The 70-gene signature (MammaPrint) is the only microarray-based assay approved by the US Food and Drug Administration (FDA). This signature was designed to predict distant disease-free survival and overall survival for lymph node–negative patients. MammaPrint has subsequently been shown to have strong prognostic value in patients with node-positive tumors. The utility of this assay has been documented in several independent studies.[32-34] The value of MammaPrint is its ability to identify patients in the “low-risk” group who show a greater than 90% chance of being disease-free for a minimum of 5 years—and who might thus be spared unnecessary adjuvant therapy. Comparative studies have shown efficacy of the signature in selecting patients for adjuvant therapy compared with the St. Gallen criteria. A significant benefit of adding chemotherapy to endocrine therapy in patients classified as “high risk” by the MammaPrint assay has been documented; no significant benefit for the addition of chemotherapy in patients classified as “low risk” has also been documented. The signature was shown to improve quality-adjusted survival and had the highest probability of being cost-effective. It is being evaluated in a prospective, phase III clinical trial (MINDACT trial). The trial has recently been expanded to allow patients with one to two positive nodes.

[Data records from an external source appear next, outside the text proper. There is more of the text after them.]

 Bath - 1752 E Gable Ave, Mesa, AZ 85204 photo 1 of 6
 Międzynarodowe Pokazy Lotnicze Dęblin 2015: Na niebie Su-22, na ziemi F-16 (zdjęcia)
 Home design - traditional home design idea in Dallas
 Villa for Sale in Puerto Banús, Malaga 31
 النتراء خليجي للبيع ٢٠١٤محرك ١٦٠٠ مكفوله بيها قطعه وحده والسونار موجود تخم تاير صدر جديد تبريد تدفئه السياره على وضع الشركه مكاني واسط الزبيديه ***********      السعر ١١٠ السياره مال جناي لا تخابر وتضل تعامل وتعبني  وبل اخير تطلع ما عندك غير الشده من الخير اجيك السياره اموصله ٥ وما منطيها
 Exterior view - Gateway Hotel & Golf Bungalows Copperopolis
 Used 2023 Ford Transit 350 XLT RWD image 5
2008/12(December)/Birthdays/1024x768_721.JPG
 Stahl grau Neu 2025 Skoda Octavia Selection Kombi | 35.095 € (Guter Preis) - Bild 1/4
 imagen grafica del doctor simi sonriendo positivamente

Until recently, the MammaPrint assay was only able to be used with frozen tissues. The stability of the assay has been documented in tissues collected in RNA-preserving solutions such as RNAlater (Life Technologies, Carlsbad, Calif.). MammaPrint identifies patients with a high or low risk of recurrence and does not directly assess ER, PR, or HER2 mRNA levels. Nearly all ER-negative patients fall into the poor prognosis category; thus, the utility of the assay in ER-negative patients is unclear. Within the ER-positive subtypes, it is heavily dependent on proliferation-related genes, much like the other existing signatures. A qRT-PCR version of the MammaPrint assay, which can be used with formalin-fixed paraffin-embedded tissue, recently became available. However, only a few independent studies of this version of the test are available as yet.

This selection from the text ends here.